Le banche in questo modo possono riprendere ad erogare credito e far ripartire l’economia. Questa è definita una misura non convenzionale, perché invece, in maniera diciamo ortodossa, la banca centrale controlla la base monetaria vendendo o acquistando titoli governativi nelle aste periodiche. Acquistando titoli di Stato, i rendimenti dei titoli diminuiscono (sono meno rischiosi), consentendo allo Stato di risparmiare e ridurre il suo indebitamento.
Perché l’euro forte è un problema. L’obiettivo delle misure di Draghi è quello di deprezzare l’euro nei confronti del dollaro e delle altre valute. Un euro forte, come è ai livelli attuali, pregiudica il buon andamento delle esportazioni, aumenta il gap di competitività con i paesi extra europei.

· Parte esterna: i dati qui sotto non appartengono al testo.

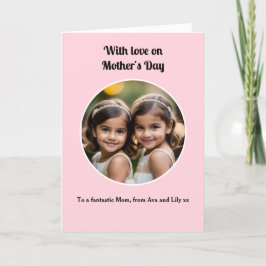 Persoonlijke foto mooie roze Moederdag Feestdagen Kaart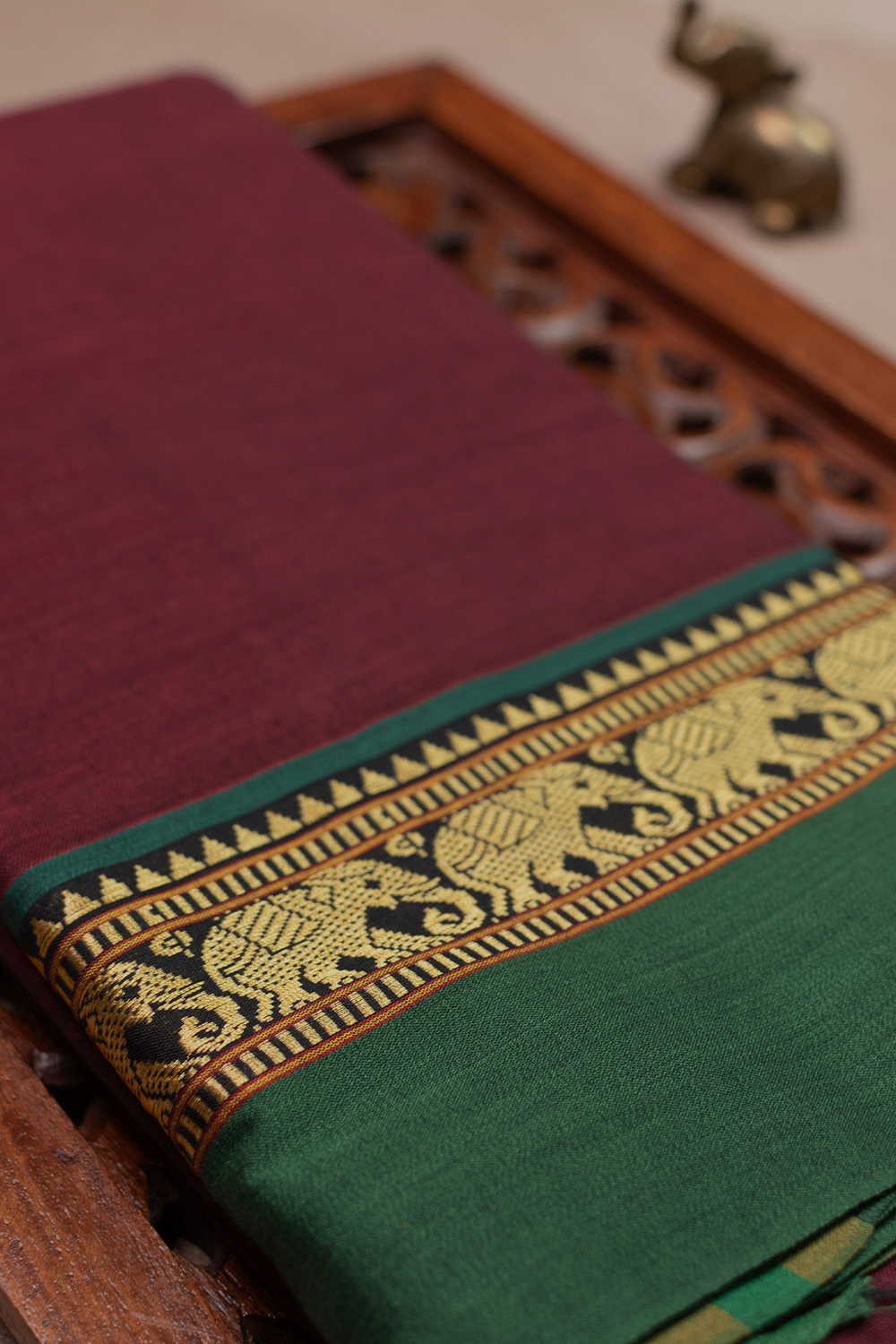 Maroon with Green Border Narayanpet Cotton saree
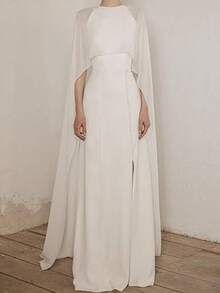 Women High Low Cape Chiffon Shawl Capelets Bridal Bridesmaid Cover Up Poncho Omen Chiffon Shawl Cape Mesh Sheer Poncho Top Capelets For Evening Dress Shawl Wraps Cover Up Wedding Party - 白色 - 查看 2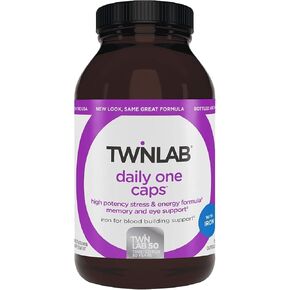 Twinlab Daily One Caps with Iron - Daily Multivitamin for Women & Men with 26 Essential Vitamins and Minerals - Vitamins for Energy, Immune Support, Stress Relief, Mood Boost, Eye Health, 180 Caps in Kuwait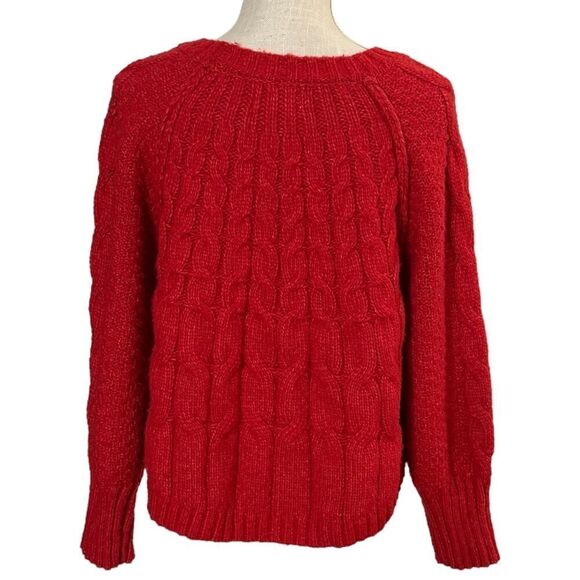 Olive & Oak Red Cable Knit Sweater, Large - Picture 4 of 4
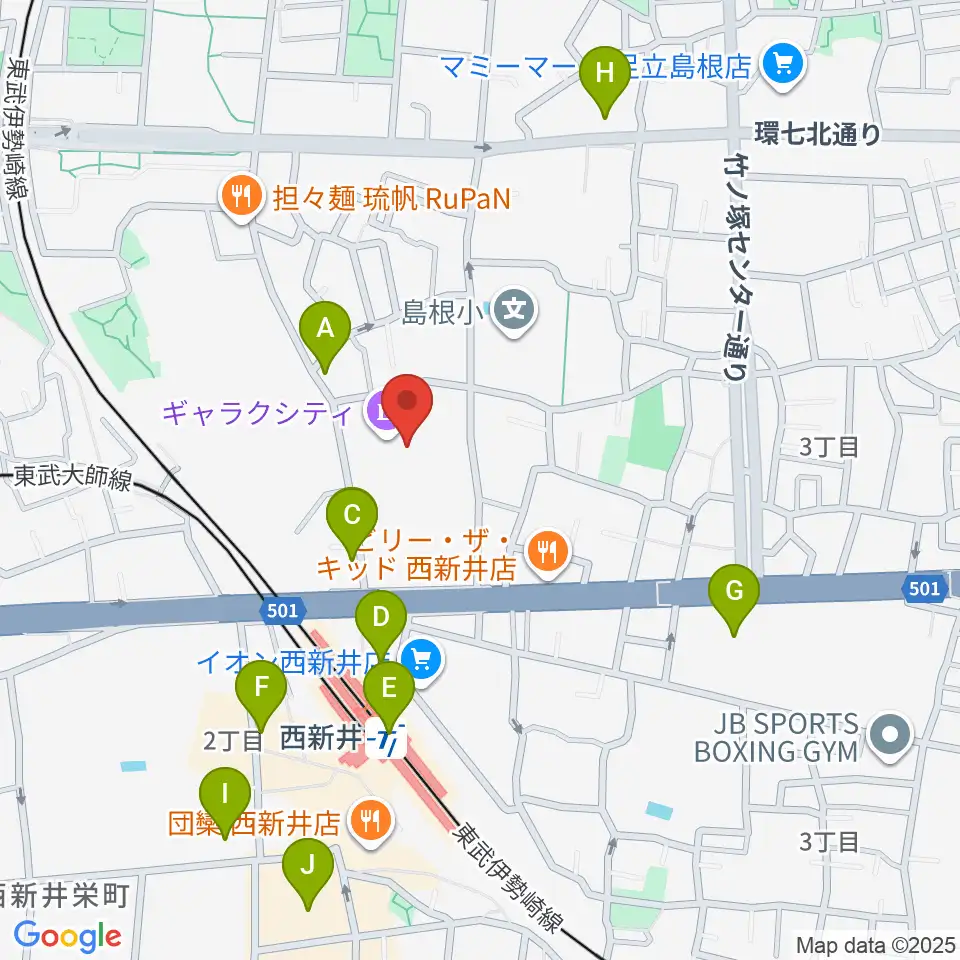 西新井文化ホール周辺のコンビニエンスストア一覧地図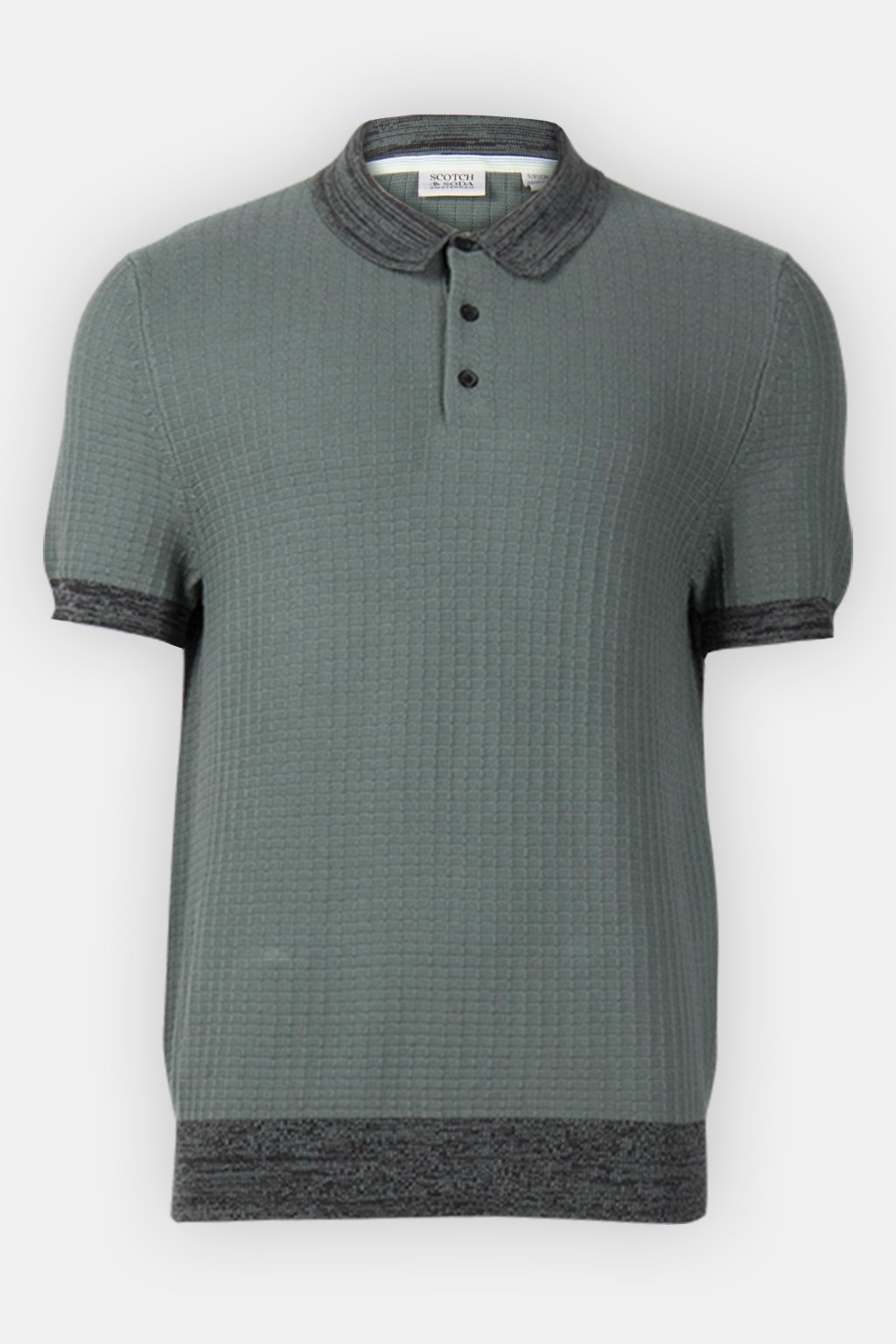 MARLED RIB SWEATER SS POLO KHAKI GREEN 3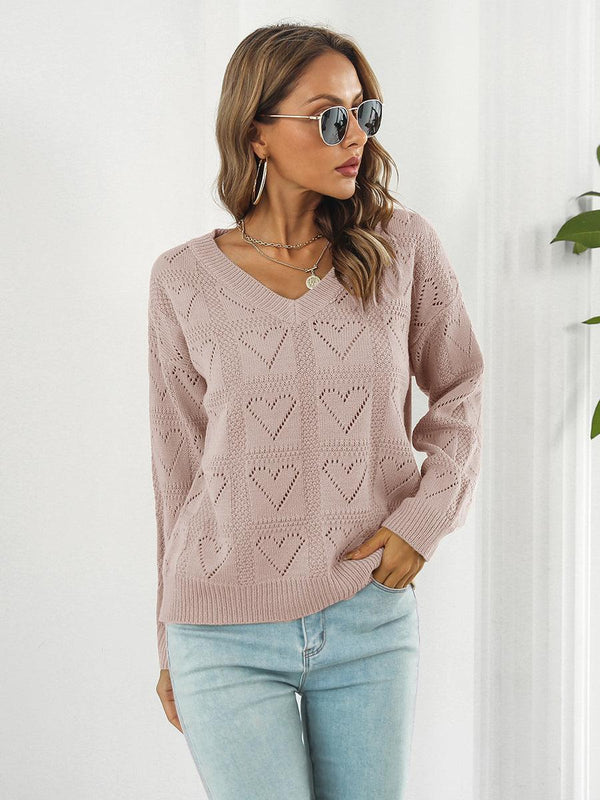 Openwork V-Neck Sweater - Crazy Like a Daisy Boutique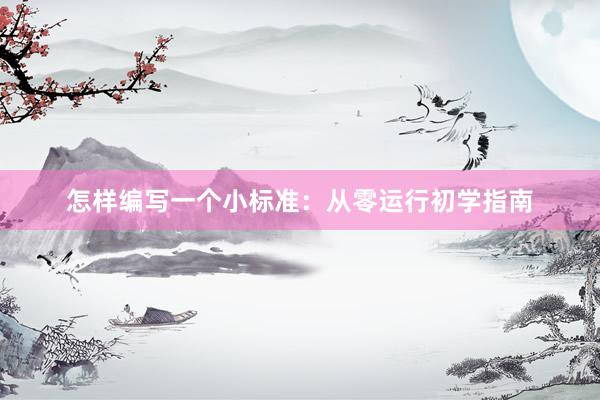 怎样编写一个小标准：从零运行初学指南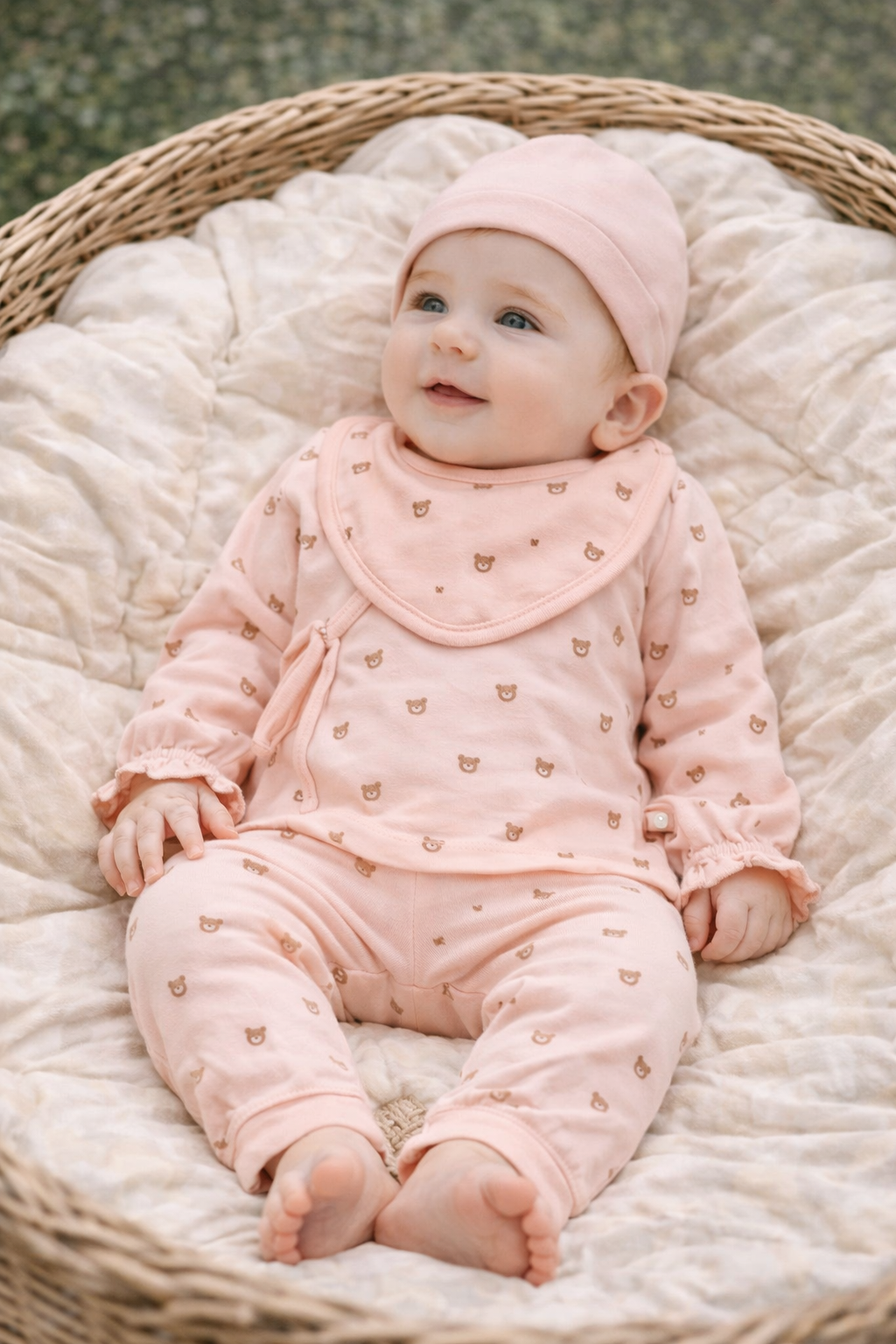 Set 5 pezzi Neonata/ Bimba  in Cotone a Coste rosa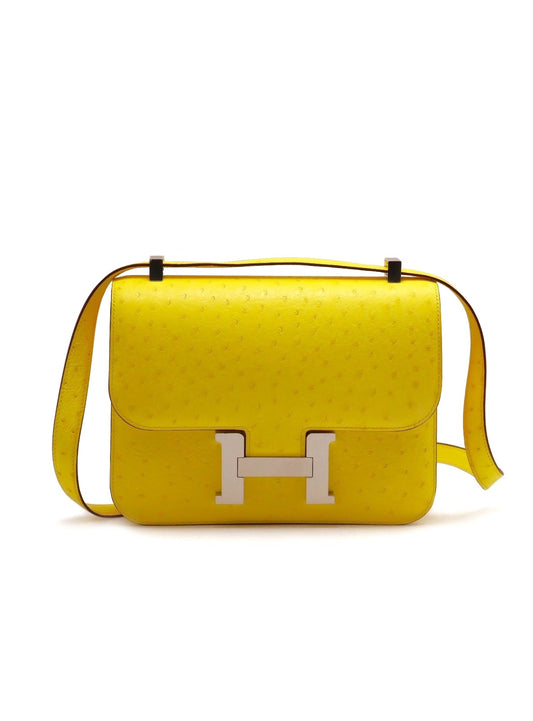 HERMES Constance 24 - 鴕鳥皮檸檬黃銀 U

Perché il problema non è più l’inflazione ma il suo contrario, la deflazione. Quando una banca centrale interviene per iniettare liquidità nel sistema economico, il primo effetto è l’inflazione, cioè l’erosione del potere di acquisto della moneta: si genera infatti un prolungato aumento dei prezzi di beni e servizi. Tuttavia, con un’inflazione allo 0,5% siamo vicini alla stagnazione e guardiamo con apprensione allo spettro della deflazione: cioè i prezzi diminuiscono perché la domanda diminuisce. I consumatori, infatti, sono incentivati a differire gli acquisti perché sperano in una ulteriore diminuzione dei prezzi. Il livello ideale di inflazione, stimano gli economisti, deve attestarsi intorno al 2%.